I'm glad to see Traubel got a vote. To me her voice was maybe even more beautiful than Flagstad and of astonishing size, but her top was much more iffy. She began as a contralto and pushed her voice up. The top began it's retreat fairly early. I love her very much and no one does the Liebestod like she does.


----------



## badRomance (Nov 22, 2011)

Flagstad's voice is warmer and had fantastic mid and low notes but it appears Flagstad was afraid of those high notes. Even in the 1938 video where she was introduced by Bob Hope, she sang Hojotoho transposed down. There is a recording of her singing that high C in Götterdämmerung and it rang like a golden bell so it seems it was at least partly a mental obstacle. Nilsson is not as warm but I find her more expressive overall, and she confronted those high notes head on. Both ladies produce high notes that shimmer.

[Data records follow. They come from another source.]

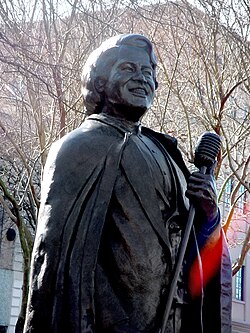 A statue of James Brown in Augusta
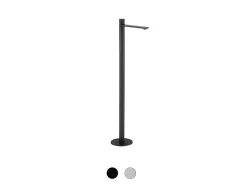 Robinet mitigeur sur pied pour lavabo totem 8046 - chrome ou noir mat Noir mat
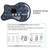 ammoon PockRock Portable Guitar Multi-effects Processor Effect Pedal 15 Effect Types 40 Drum Rhythms Tuning Function   with Power Adapter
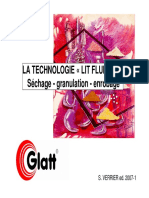 LA TECHNOLOGIE «LIT FLUIDISE» Séchage - granulation - enrobage. S. VERRIER ed. 2007-1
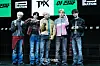 Boy band TNX poses for photos during a showcase held on March 26 at Yes24 Wanderloch Hall in western Seoul for the release of its fourth EP “For Real?” [DANIELA GONZALEZ PEREZ]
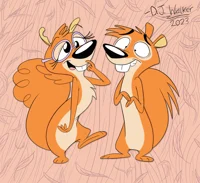 The scamperer twins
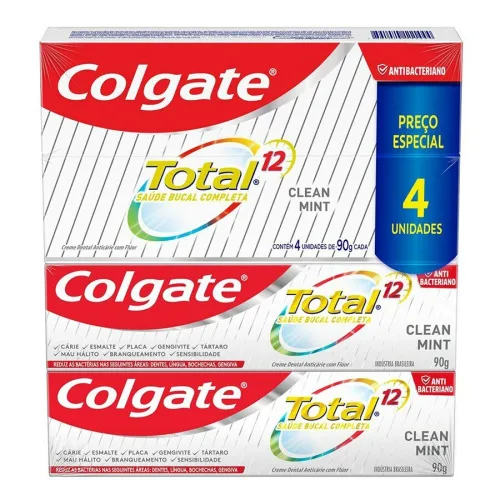 Creme Dental Colgate Total12 Cl Mint L4p3 - COLGATE - Higiene E Beleza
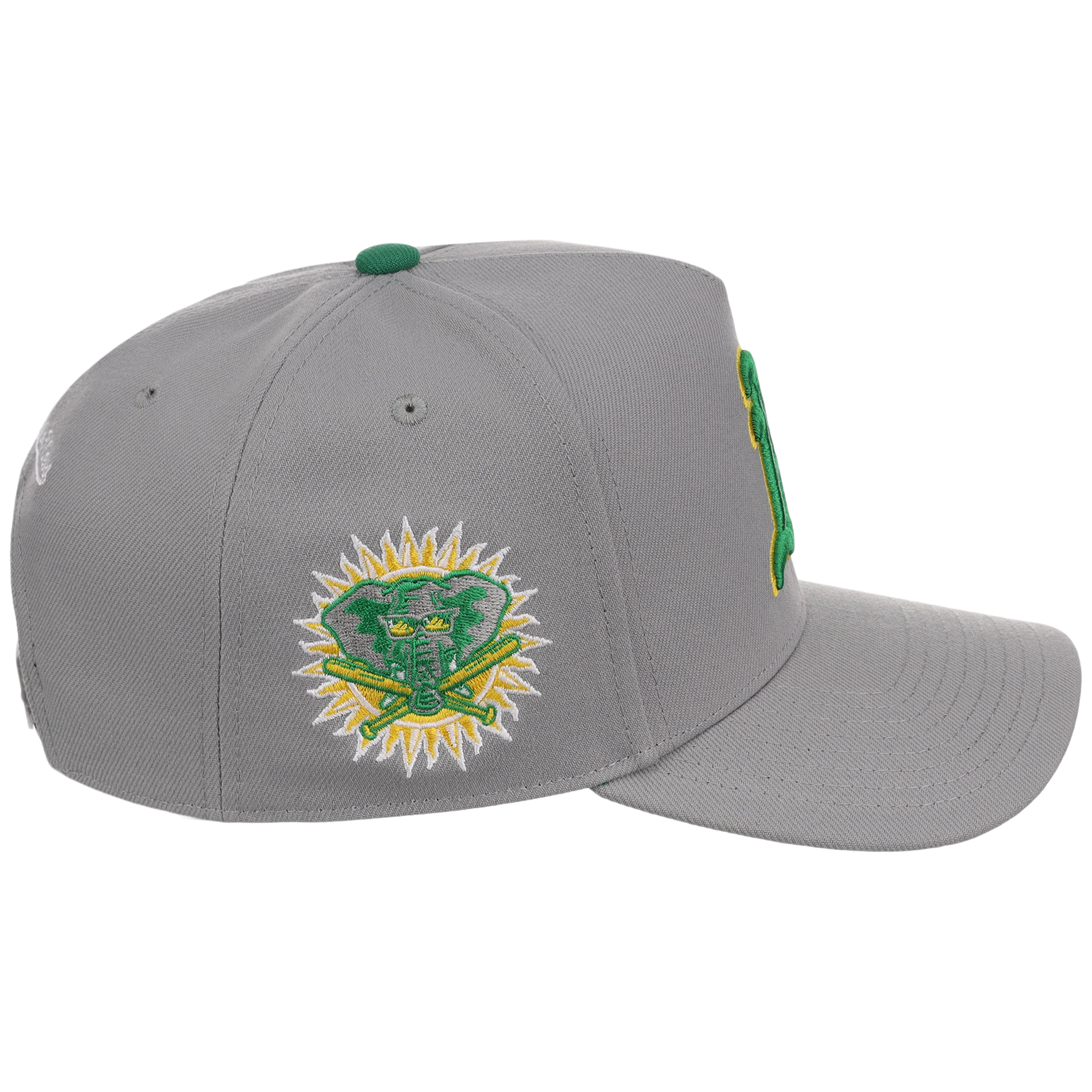 Oakland Athletics Mitchell & Ness MLB 'Era Flip' Heritage Series Pro Pinch - Grey/Grey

But I have to put my vote for Nilsson.


----------



## moody (Nov 5, 2011)

I would have thought that Frida Leider is Flagstad's true alternative,but you won't find many here who know of her I suppose.


----------



## Pip (Aug 16, 2013)

ComposerOfAvantGarde said:


> Waltraud Meier...................not on the poll?


She cannot be considered as she did not sing Brünnhilde as all the listed sopranos on the Poll did.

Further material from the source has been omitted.